Tuesday, February 10, 2009

Ugali

The above white dish is ugali. To the immediate right sukuma wiki. Below that you will see my good luck twin bananas.

When I started this blog I wanted to write about food. Pretty much all food not meat related trying to focus on vegetarianism, the environment, and travel. Three things that are very important to me. I've succeeded for the most part, but there's been two issues.

Issue 1: I love every aspect of food and food science. I hate feeding children sugar laden cereals, but I love the culture of the cartoons and commercials. I'm often a walking contradiction. This is not really a huge personal conundrum, I just need to update my About Me to reflect that my personal practices don't always reflect my wide spread fascination.

Issue 2: I've stunk up the travel. Except for some things from the boyfriend, Vermonter, the trip Vermonter and I took to Ireland, and a friend abroad in Finland, I really haven't gotten to it much.
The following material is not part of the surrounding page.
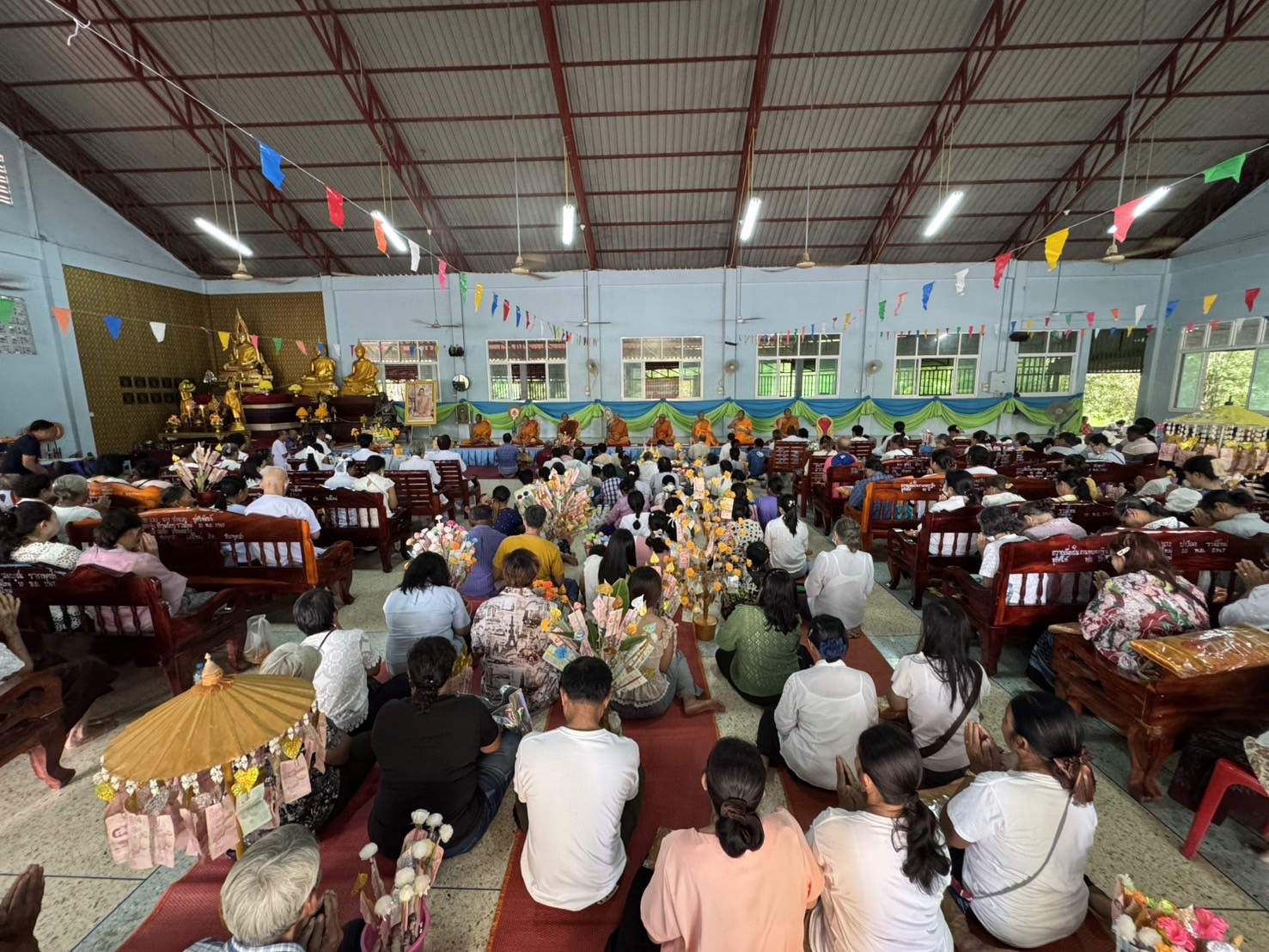 ภาพร่วมพิธีกรรมวัดละลมโพธิ์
It's unfortunate but true.

Then today I saw a post on ugali. I have been meaning to do an ugali and sukuma wiki post for a very long time. This was the favorite meal of Vermonter while we were in Kenya. And it is a bit simpler than my favorite meal of pojo and chapati so I thought I would cover it first.

Well, looks like there's no better time to post about it than when someone else does it, gives you a great post to link to, and you suddenly feel thrust in. Ugali is basically just a maize brick if you will. You put it over heat, mix it with water, pound it, really get into it, add more water, etc. and then it comes out this giant brick of starch generally resembling the shape of your pot. It is generally both cheap and extremely filling. The generally applies to the cheap, it's always filling.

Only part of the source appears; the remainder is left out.